Japan C 1 28 1001 RJNG 19Nov14 Dietmar Fenners 640JASDF Kawasaki C-1 operations ended

We all knew Japan Air Self-Defense Force (JASDF) Kawasaki C-1 operations would end in March 2025, as official bulletins claimed it would end in the last month of Japan's Fiscal Year 2024. However the JASDF did not wait until the very end but stopped flying its last four aircraft in three consecutive days this week.

On 12 March 2025, C-1 08-1030 flew from Iruma to Hamamatsu where it performed some touch & goes and some combat manoeuvres, after which it made a full-stop, received a water salute and was retired.

On 13 March 2025, EC-1 78-1021 made a local flight from Iruma and more or less repeated the flight profile of 030, including the water salute.

And on 14 March 2025, these events were again repeated in the final flights of C-1FTB 28-1001 from Gifu and C-1 28-1002 in the Phoenix livery from Iruma, concluding 53 years of JASDF C-1 operations.

In the mid-1960s, the JASDF's transport fleet was outdated, consisting mainly of C-46 Commandos, therefore the JASDF approached the Nihon Aircraft Manufacturing Corporation (NAMC), which was building the YS-11 airliner, to develop an indigenous transport aircraft.
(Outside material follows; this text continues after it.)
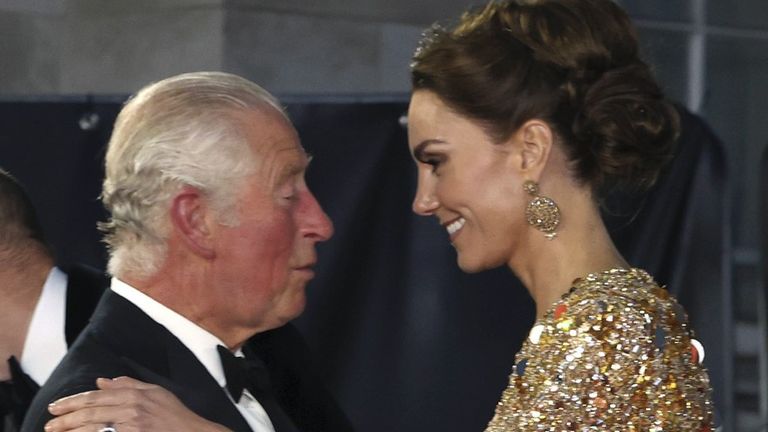 Britain's Prince Charles, left, speaks with Kate, the Duchess of Cambridge as they arrive for the World premiere of the new film from the James Bond franchise 'No Time To Die', in London on Sept. 28, 2021. (Chris Jackson/Pool Photo via AP, File)


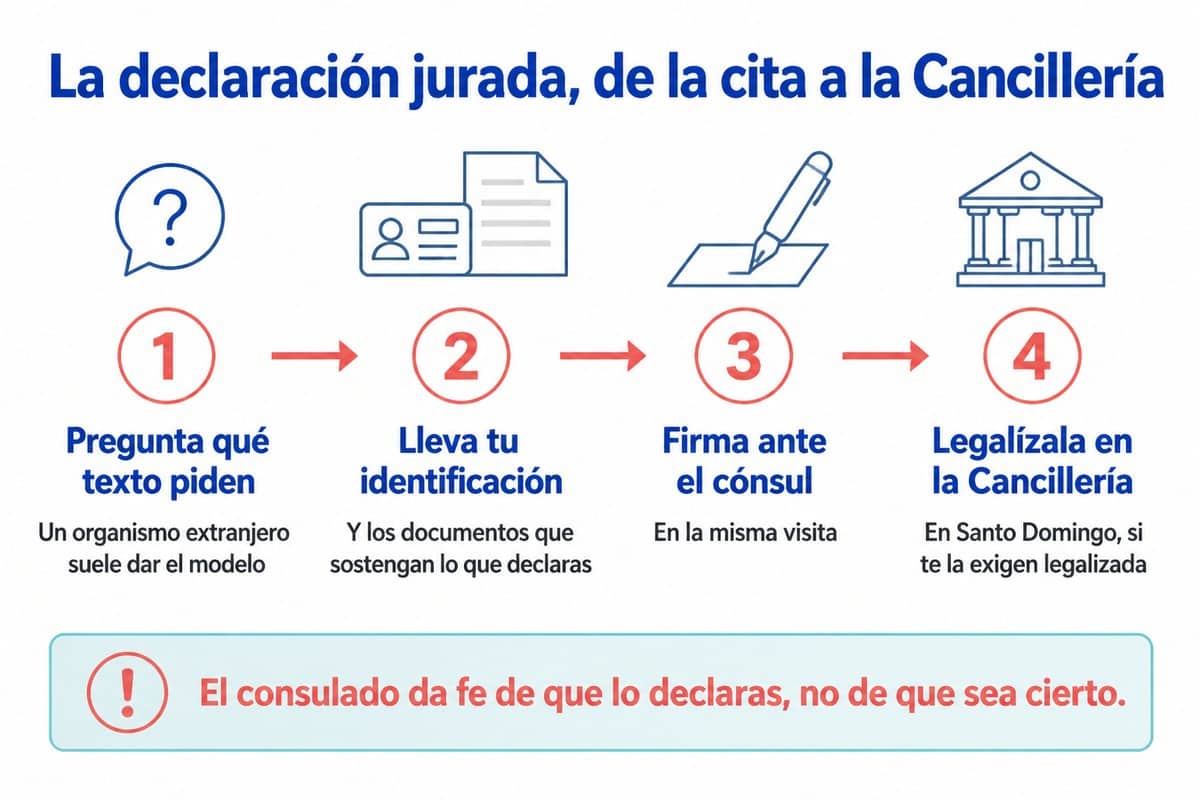 La declaración jurada, de la cita a la Cancillería: Pregunta qué texto piden; Lleva tu identificación; Firma ante el cónsul; Legalízala en la Cancillería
NAMC decided that Kawasaki would serve as the main contractor but several other members of the NAMC-consortium were tasked with manufacturing other portions.

The prototype XC-1 (as 18-1001) first flew on 12 November 1970 and was handed over to the Defense Agency in February 1971 for testing. In 1972 the first aircraft was handed over to the JASF as C-1 28-1001. A total of 31 C-1s were manufactured by Kawasaki for operations in three JASDF Hikotais, 401 Hikotai from Komaki, 402 Hikotai from Iruma and 403 Hikotai from Miho.

After Okinawa was returned to Japan, the maximum range of the C-1 became problematic as it was unable to fly directly to the island without a fuel stop. Probably the reason the JASDF procured the C-130H Hercules and reduce the number of planned C-1s.

Besides the 31 JASDF C-1 aircraft, another two fuselages and one aircraft were built. A static strength test fuselage might still be in use as a ground trainer at Camp Narashino, and a fatigue strength test fuselage, also for ground training at Camp Matsudo. The National Aerospace Laboratory acquired a single C-1 and modified it extensively into the Asuka Quiet STOL aircraft, now preserved inside the Kakamigahara Air and Space Museum near Gifu.